▸ **Work required**:
What is needed is an exact copy of the entries, with the pictures excluded.

▸ **Data supplied**:
##############################
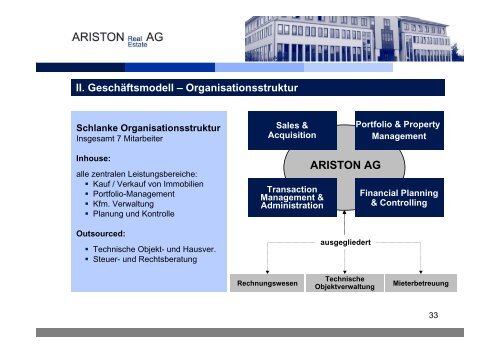 B. Immobilienportfolio - Deutsches Eigenkapitalforum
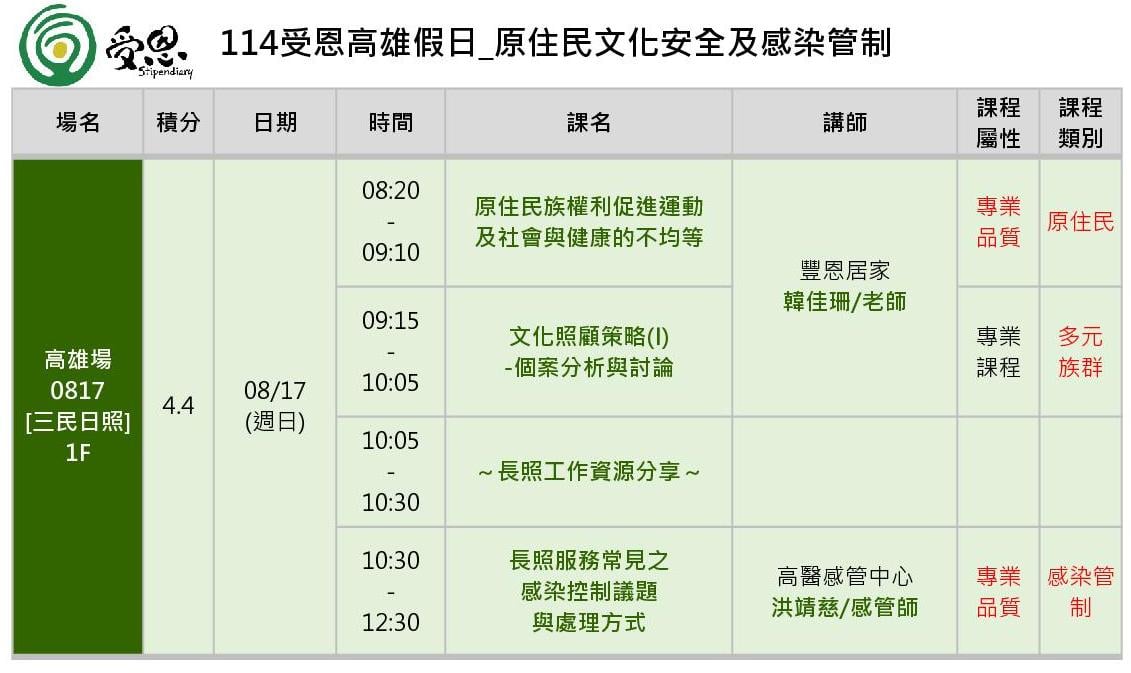 114.08.17高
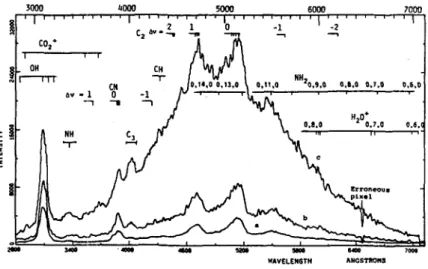 Fig.  9  -  Typical spectra of  Halley obtained by  Moreels et  al.  (1986)  on  9  march  1986'  from  Vega  space  probe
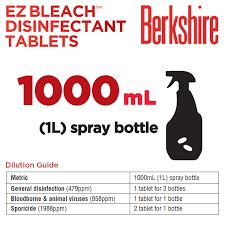 Maybe you would like to learn more about one of these? What Is The Ppm For 1 Tablet In A Spray Bottle Mixed With 1 Liter Of Water Berkshire Corporation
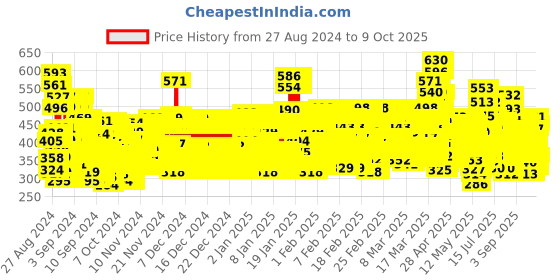 ajio.com trampoline Boy Graphic Print Pants & T-Shirt Set trampoline Price History Graph from 27 Aug 2024 to 4 Oct 2025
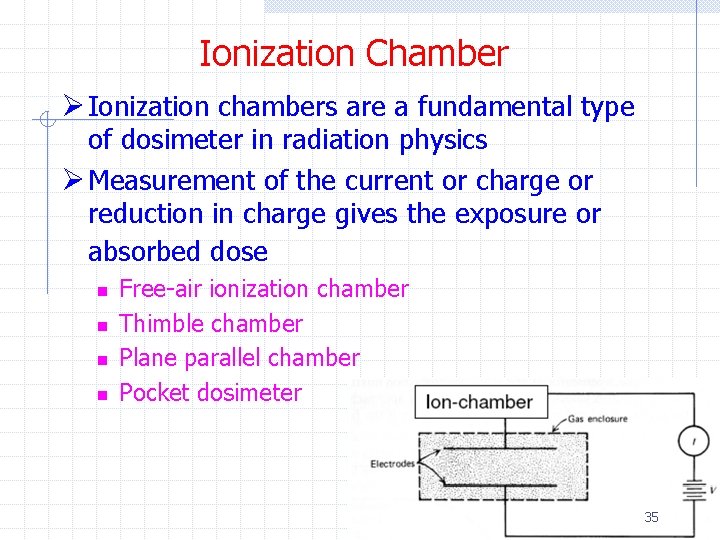 Ionization Chamber Ø Ionization chambers are a fundamental type of dosimeter in radiation physics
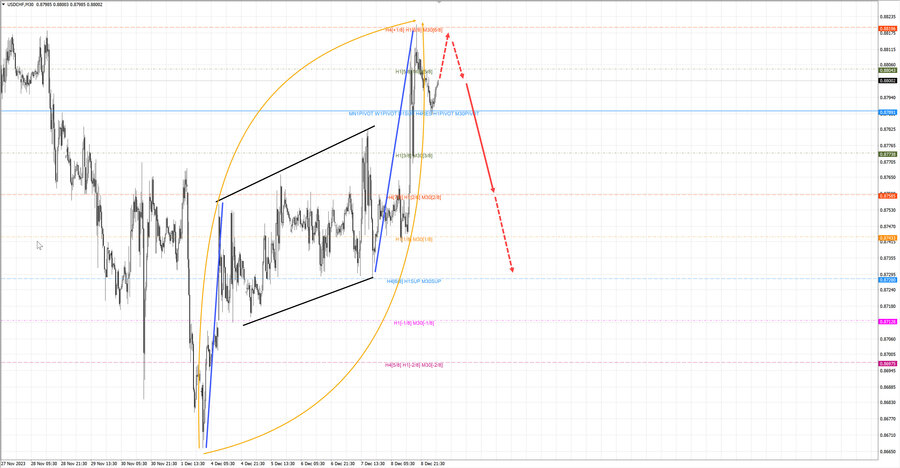 usdchf m30 07-44 11.12.23.jpg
##############################
▸ **Answer to this problem**:
 B. Immobilienportfolio - Deutsches Eigenkapitalforum
 114.08.17高
 Fig.  9  -  Typical spectra of  Halley obtained by  Moreels et  al.  (1986)  on  9  march  1986'  from  Vega  space  probe
 Maybe you would like to learn more about one of these? What Is The Ppm For 1 Tablet In A Spray Bottle Mixed With 1 Liter Of Water Berkshire Corporation
 ajio.com trampoline Boy Graphic Print Pants & T-Shirt Set trampoline Price History Graph from 27 Aug 2024 to 4 Oct 2025
 Ionization Chamber Ø Ionization chambers are a fundamental type of dosimeter in radiation physics
 usdchf m30 07-44 11.12.23.jpg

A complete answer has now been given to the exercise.